Il avait aussi affirmé que les courtiers ne voulaient rien savoir de ce marché il y a 25 ans. « Maintenant que les concessionnaires l’ont développé, les courtiers veulent se l’accaparer en attaquant faussement la crédibilité de nos membres. C’est pourquoi nous dénonçons ce manque d’éthique et avons sollicité une rencontre avec la haute direction de l’Autorité pour faire cesser ces agissements déplorables », a dit M. Béchard.

Pour la suite des choses, Jean Bilodeau souligne que le RCCAQ est en attente de la position des législateurs. Le Regroupement est toutefois en mode proactif par rapport à ses membres.

M. Bilodeau a aussi impliqué les assureurs à courtage dans la discussion. « Nous avons rencontré plusieurs assureurs à cet effet. Nous leur avons expliqué la situation est c’est une préoccupation pour eux. Le consommateur a le droit de résilier son contrat auto lorsqu’il change de véhicule. L’assureur peut ainsi perdre le contrat en habitation. C’est une perte économique pour les assureurs à courtage, de laquelle les assureurs directs profitent », dit-il.

Le président du RCCAQ salue d’ailleurs Intact Assurance, qui, en collaboration avec CIME Assurances, a réagi en formant ses courtiers avec Mission F.P.Q. No 5. « On les a mis sur la sellette en avril, et ils ont réagi rapidement avec cette offensive. Il y a une opportunité pour les autres assureurs », dit M. Bilodeau.

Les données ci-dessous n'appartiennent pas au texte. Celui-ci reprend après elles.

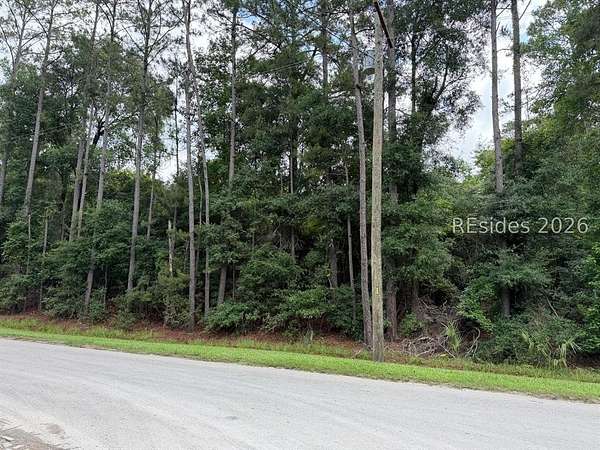 6.5 Acres of Land for Sale in Ridgeland, South Carolina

Il dit d’ailleurs que les assureurs à courtage n’ont pas le choix d’embarquer. « Si on va à la guerre, il faut que nos fournisseurs nous suivent. On en a un, mais il nous en faut plus qu’un », dit-il.

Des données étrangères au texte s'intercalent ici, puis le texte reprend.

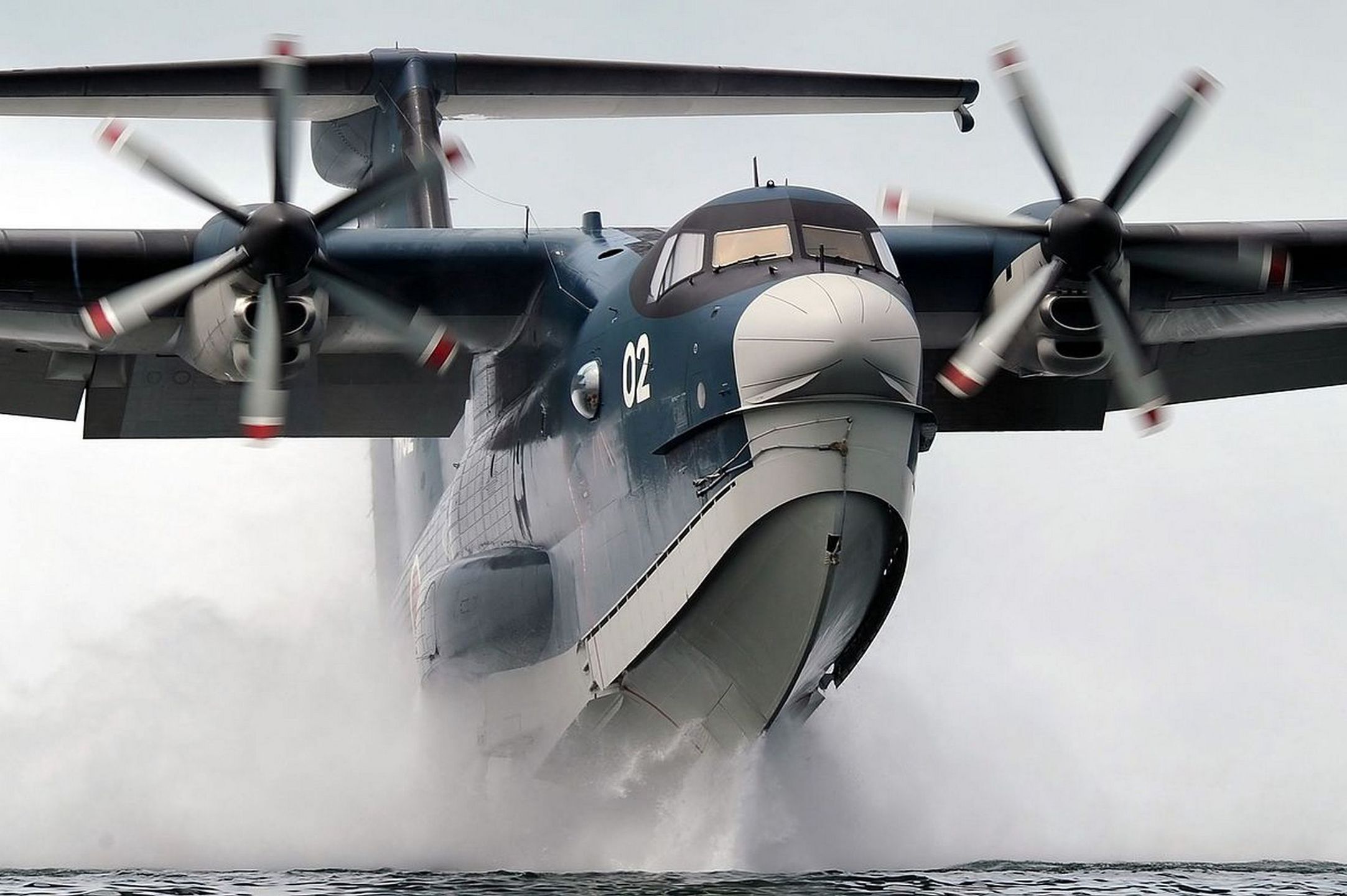 Łódź latająca ShinMaywa US-2, należąca do japońskich Morskich Sił Samoobrony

Les consommateurs seront sensibilisés. M. Bilodeau prend en exemple les deux types de couverture qu’offre l’assurance de remplacement. La première oblige le consommateur à remplacer son véhicule chez son concessionnaire, alors que la seconde lui laisse libre choix du lieu d’achat.

« Le client qui achète une assurance de remplacement chez son concessionnaire n’entend jamais parler de la deuxième option. La première est cochée par défaut. C’est de la supercherie. On va informer nos clients de cela », assure M. Bilodeau.

Le président du RCCAQ souligne que, lorsqu’un client d’un courtier change son véhicule, celui-ci l’appelle souvent pour comparer les primes. « C’est un conseil gratuit que l’on offre. On va profiter de ce moment magique pour lui donner l’information. Il sera alors capable de résister. On compte aussi mettre en place une campagne d’information provinciale pour sensibiliser le consommateur. Nous avons fait notre travail au niveau légal, il faut maintenant le faire à propos de la règlementation », dit-il.